As a matter of fact, I once betrayed a copy of Testaments Betrayed. I sold the book to a used bookstore. Then I needed to read the book for a class several years later. So I went back to the said bookstore and bought the only copy they had. It was heavily underlined and had some pretty decent marginal notes. It would have to do. Then, after reading through some of it and appreciating the brilliant underlining and insightful notes, I realized that it was actually my old book. Talk about the return of the repressed!

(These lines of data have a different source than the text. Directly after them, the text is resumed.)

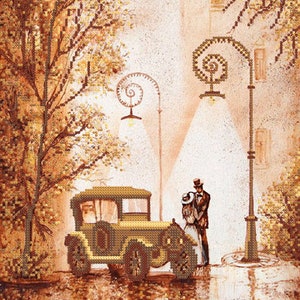 May include: A vintage car parked on a street with a couple standing next to it. The car is green and has a brown roof. The couple is dressed in vintage clothing. The street is lined with trees and there are streetlights in the background.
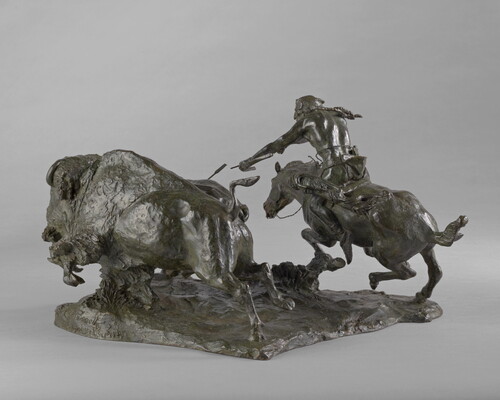 A sculpture of a Native American on horseback using a bow and arrow to hunt two bison.
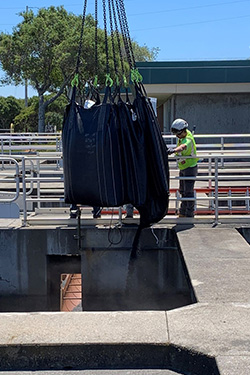 Replacing the anthracite coal filter media in one of the underdrains at Harry Tracy Water Treatment Plant.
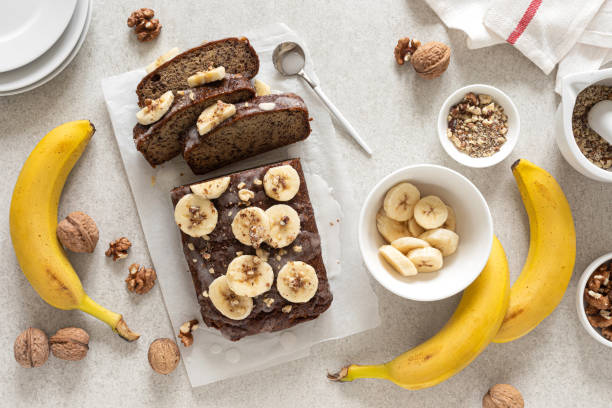 istock Banana bread cooking on kitchen table, top view 1295632119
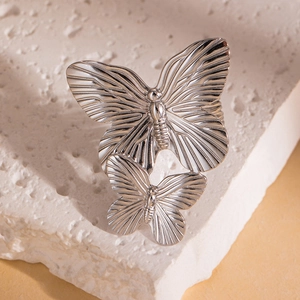 Macro shot of silver butterfly rings featuring detailed radial engraving on metal wings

Now comes news that the private notes of John Paul II will be published in mid-Lent this year. The blurb for In God’s Hands: The Spiritual Diaries of Pope John Paul II lets on only a little to the betrayal swirling around the initial publishing of these diaries in Poland:
Available for the first time in English, the private reflections of the modern pope recently elevated to sainthood—deeply personal writings that reveal a spiritual leader who agonized over his service to God, continually questioning whether he was doing enough.
As the head of the Roman Catholic Church for twenty-five years, from the final decades of the twentieth century to the first years of the new millennium, Pope John Paul II significantly impacted our world. As famous as a rock star, this powerful leader who conferred with numerous heads of state was the ultimate model of wisdom and religious commitment for numerous Catholics around the globe.

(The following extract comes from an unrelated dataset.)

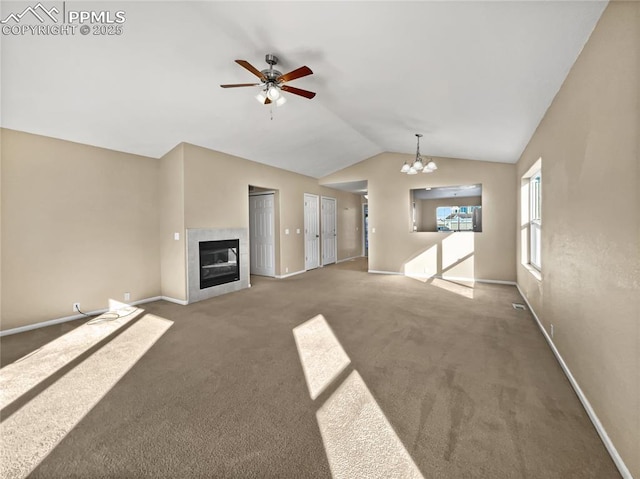 unfurnished living room with ceiling fan with notable chandelier, carpet flooring, and vaulted ceiling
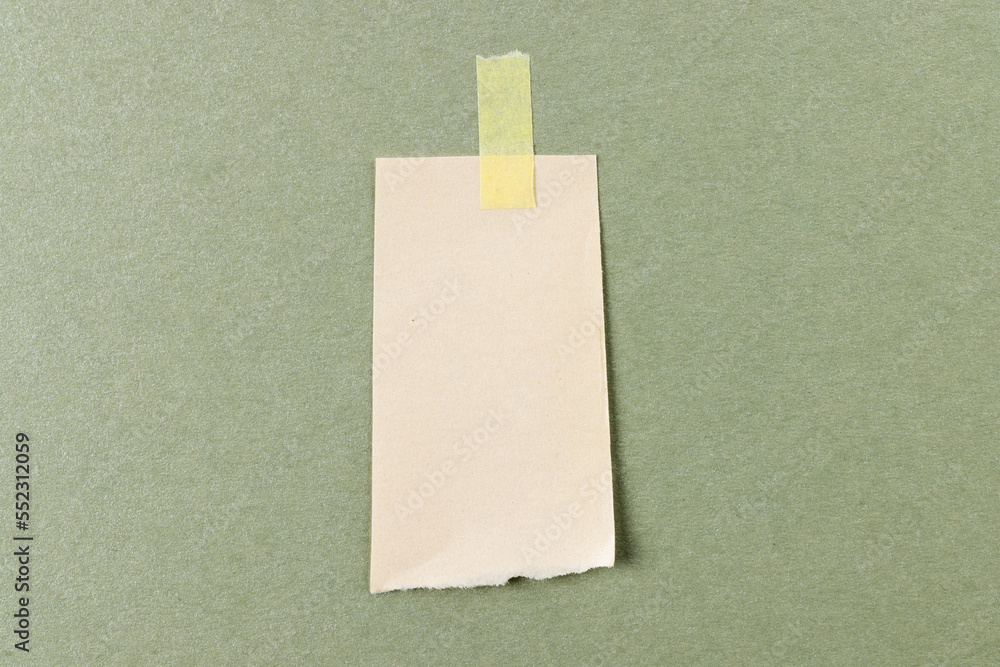 Ripped up piece of white paper with copy space on cardboard background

Throughout much of his adult life, from 1962 until two years before his death in 2003, John Paul II kept a series of private diaries in which he disclosed his innermost thoughts, impressions, and concerns. Written in his native Polish and never before available in English until now, these journals provide intimate and deeply moving insight into a man, a priest, and a saint’s spirituality and a life devoted completely to God.
In God’s Hands lays bare the soul of this powerful, influential statesman, revealing a devout man untouched by his celebrity status; a selfless servant of God who spent decades questioning whether he was worthy of the role he was called to carry out. Over forty years, from his bishopric in Krakow to his election to the papacy to his final years, one question guided him: “Am I serving God?”
Entrusted to his personal secretary—who defied John Paul II’s instructions to burn them after his death—these notebooks provide us with a privileged glimpse into the life of a humble man who never took for granted his mission or his exalted role in the church and in the world.